This article delves into some details on what constitutes "eating together" for the requirement of zimun. I see that there is a dispute regarding what happens when some people leave in the middle or others join at the end.

Let's say you have a group of 10 people travelling in 2 cars that follow each other constantly - 5 in each car. All 10 people stop at a rest stop, wash hands, and are about to sit together at a picnic table when they see a funnel cloud in the distance. They jump in their cars, and since they made the bracha for washing hands, they eat bread in the cars.

About an hour later, they meet again at another rest stop. They don't eat anything, there.

Can they make a joint 10 zimun saying Elokenu? (They washed together and had intent to begin together and they are one "group") Or, should each group of 5 make their own "3-person" zimun while riding in the car?

  • 1
    Re "when they see a funnel cloud in the distance. They jump in their cars": usually not smart. See e.g. emergency.cdc.gov/disasters/tornadoes/during.asp, spc.noaa.gov/faq/tornado/safety.html, bigthink.com/praxis/why-people-die-trying-to-outrun-tornadoes
    – msh210
    Nov 25, 2015 at 19:35
  • @msh210 I haven't read the link, but, I have studied and follow quite a bit about meteorology to know that it's not smart to outrun a tornado. However, even the National Weather Service recommends that you should try to drive parallel or in the opposite direction of the storm's movement. In my scenario, assume that's what the drivers did.
    – DanF
    Nov 26, 2015 at 1:58
  • Could get complicated. "About" an hour - more or less than 72 minutes? Could they (still within the time limit of "seudah") share a small piece of bread and then make a minyan zimmum? Would it be sufficient to share any food?
    – Epicentre
    Nov 26, 2015 at 6:26
  • @Epicentre for purposes of this discussion, assume that there is no food around, which is why I stated "they don't eat anything". I'm uncertain about the 72 minute factor that you questioned. Please explain why that matters.
    – DanF
    Nov 27, 2015 at 15:17
  • I learnt (can't source offhand) that this is a limit for a meal with bread without actually eating during which you can bentch.
    – Epicentre
    Nov 27, 2015 at 16:04

1 Answer 1


The 'eating together' that binds a group together for Zimmun would have to be eating.
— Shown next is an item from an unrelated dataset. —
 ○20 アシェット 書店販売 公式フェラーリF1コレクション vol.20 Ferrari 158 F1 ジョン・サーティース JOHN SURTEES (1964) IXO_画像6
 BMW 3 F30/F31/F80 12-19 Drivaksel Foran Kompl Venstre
Preparing for the meal together, or performing any pre-meal prerequisites/rituals (such as washing hands) is not any form of kvius.
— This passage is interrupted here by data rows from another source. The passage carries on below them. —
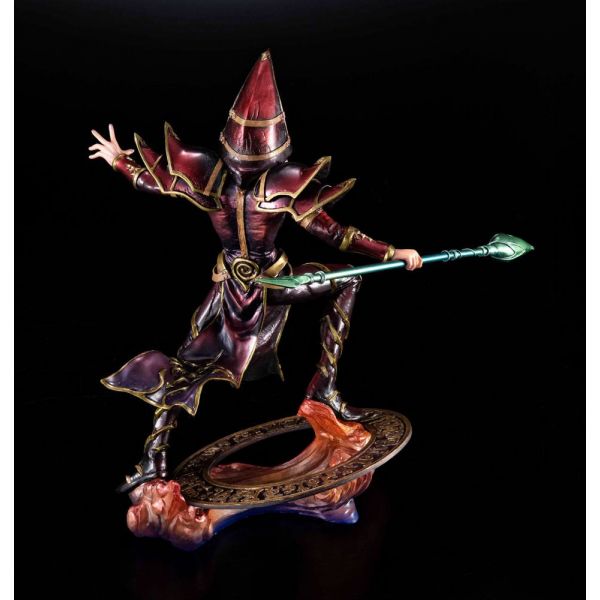 Art Works Monsters Dark Magician Duel of the Magician Statue (Yu-Gi-Oh! Duel Monsters) Additional Image 4
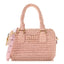 Crochet Calfskin S Narrow Arcadie Alabaster Pink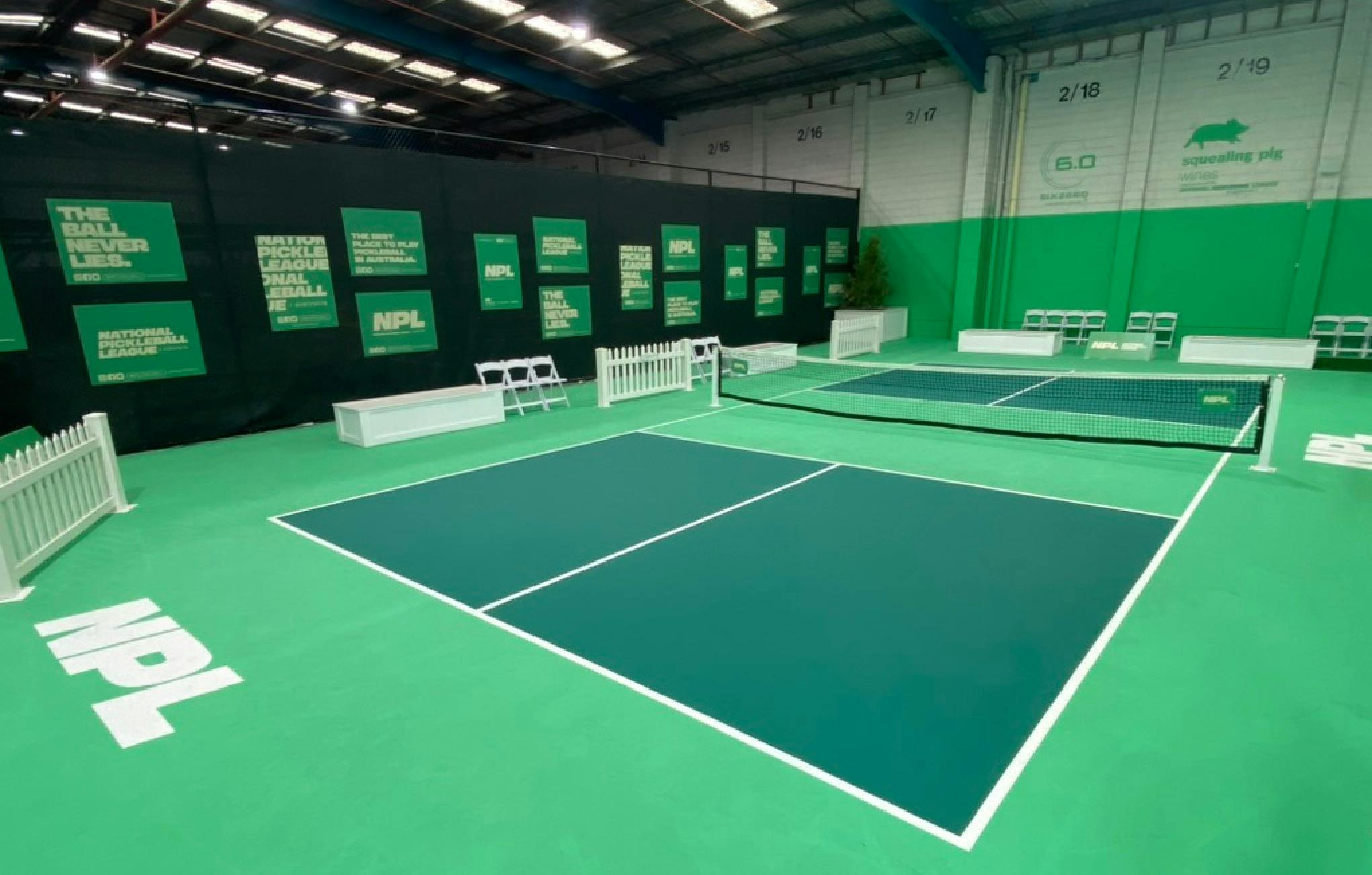 The Jar - National Pickleball League Pickleball Centre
Two groups of people who eat even in the same house (which two cars do not fit that description), can only be mitztaref for Zimmun if they could see each other.

In two separate houses (which is the equivalent of two cars), the Shulchan Aruch rules that they may join together if they can see each other, provided that the Reshus Harabim does not divide between the houses.

Therefore, the street between the two cars will invalidate the Zimun.